Faraday Future FFZERO1 Concept © Faraday Future

Faraday Future FFZERO1 Concept © Faraday Future

Exterior

Faraday Future FFZERO1 Concept © Faraday Future

Debuting at the Beijing International Automobile Exhibition in its purity form, the FFZERO1 is showcased with a new white finish. The new finish exhibits a clean, calm and powerful silent state much like a marble sculpture.

FFZERO1 Concept has sculptural design that is inspired by the form and finish from xx architecture. The purity approach shows a new way of thinking about racecars and visualizes a holistic design and demonstrations a symbiosis of form and finish.

Faraday Future FFZERO1 Concept © Faraday Future

As a tribute to FF’s inside out philosophy, white is morphing from the inside to the outside. The materials and finishes of the vehicle were carefully selected to invoke a sense of superior connectivity for the car.

Utilizing lightweight materials and composites on the VPA platform, the FF design team experimented with new driver-focused proportions, pushing the canopy forward for a perfectly aerodynamic teardrop profile.

FF’s soon-to-be signature “UFO line” runs around the center of the vehicle and is intended to give the sense that this vehicle is not completely of this world.

Aero tunnels run through the interior length of the vehicle, allowing air to flow through the car rather than around it, dramatically reducing drag and improving battery cooling.

Performance

Faraday Future FFZERO1 Concept © Faraday Future

Featuring four motors, one at each wheel, FFZERO1 is built for its use case: the track.

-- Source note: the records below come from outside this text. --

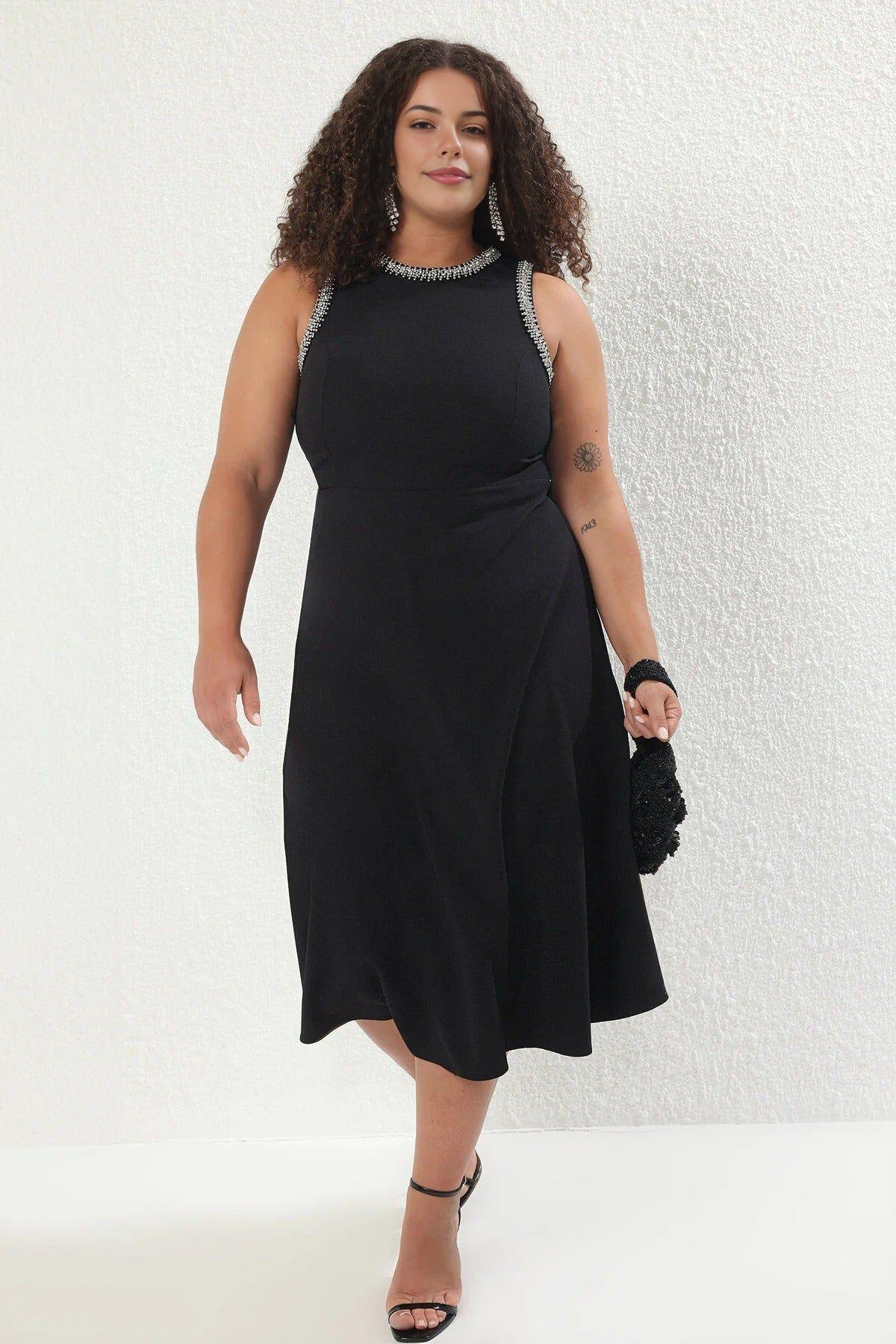 Embellished High Neck Sleeveless Midi Dress by WOVCOR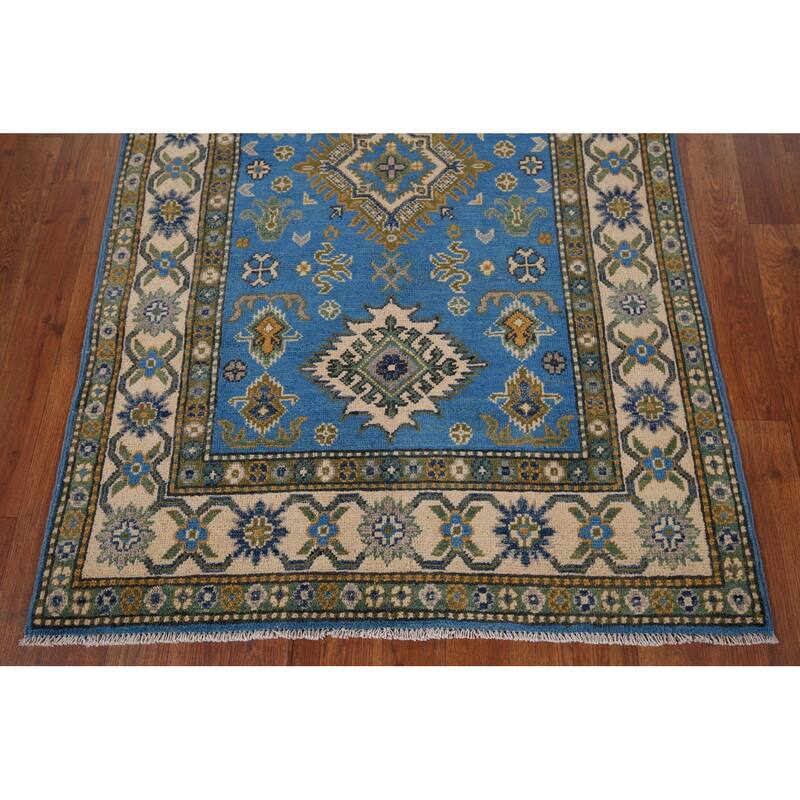 Blue Geometric Kazak Rug Handmade Oriental Wool Carpet - 3'4" x 5'0"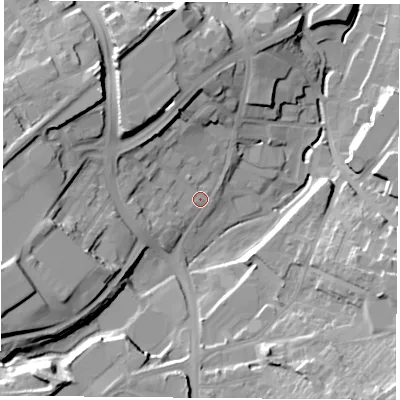 Shaded relief map of the ground around NG181BP, computed from Environment Agency LiDAR. The ground here sits at about 105 m above sea level and falls 28 m across the surrounding 800 m. Surface water reaching this point runs off ground lying to the north-west, 15.2 m higher.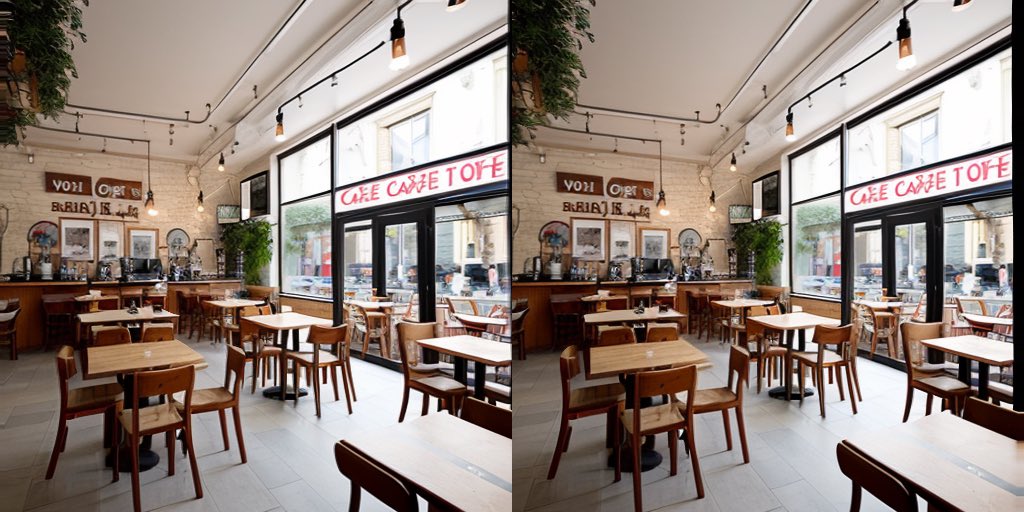 AEC3DTech's tweet photo. Some 3D Side-By-Side Stereo images created in Stable Diffusion for a cafe project inspiration. #ai #stablediffusion #depthmap #sbsstereo #3d #SBS3D #CrossView #Stereoscopic https://t.co/sgJw4Zm5ey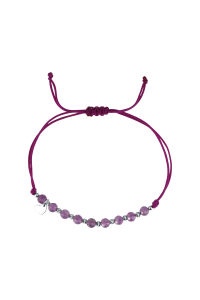 Textilný náramok fialový s korálkami z ametystu 13059.3 Obrázok pre Textilný náramok fialový s korálkami z ametystu 13059.3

If developed for limited production, it would have more than 1000 horsepower and would accelerate from zero to 60 in under three seconds, with a top speed in excess of 200 miles per hour.

Engineering Update

FF engineers have been conducting intensive vehicle engineering testing for approximately one year. We have been using specially designed test vehicles to examine our battery systems, powertrain configurations and sophisticated suspension components in action. FF is testing both mechanical and software systems and is meeting its aggressive milestones.

FF Echelon Invertor

Recently, FF received its first United States Patent (#9,241,428 B1) for its groundbreaking FF Echelon Inverter. Silva Hiti, Senior Director Electric Drive Faraday Future, led her team of engineers to solve current production inverter issues related to reliability, manufacturability, and power density. To overcome this they chose to pursue an entirely original inverter architecture from the ground up – one that offered a simpler, more straightforward design. Where other production inverters utilize 90 or more power transistors, the FF Echelon Inverter uses only 12. Helping to streamline its packaging and overall weight. When driving the electric motor, the FF Echelon Inverter achieves 20-30% greater power density than our competitors’ applications, allowing it to transform that many more watts for every gram of its weight. The FF Echelon Inverter has been extensively tested by our engineers and production versions of the unit will live inside our future FF produces.

Inaugural Manufacturing Factory Ground Breaking Ceremony

On April 13, 2016, FF hosted a ceremonial ground breaking for its world-class, highly connected and environmentally friendly manufacturing facility in North Las Vegas, Nevada, USA. The celebratory ceremony was attended by Nevada Governor Brian Sandoval, North Las Vegas Mayor John Lee, along with several other community leaders and key elected officials from the region. Not only does the announcement signify an important milestone for FF as the company works towards the production of its first premium all-electric vehicle, but the investment will have an overall positive impact on the State of Nevada.

Hiring for the Faraday Future Nevada project has already kicked off. The $1 billion, 3 million square foot, 900-acre development is expected to create approximately 4,500 direct jobs over a 10-year period for the state. The project will also help invest in the community with new and improved infrastructure, create revenue opportunities for local businesses and contribute to tourism.

“We are moving extremely quickly for a project of this size,” said Dag Reckhorn, Global Vice President of Manufacturing at Faraday Future. “Our aim is to complete a program that would normally take four years and do it in half the time, while still doing it right.”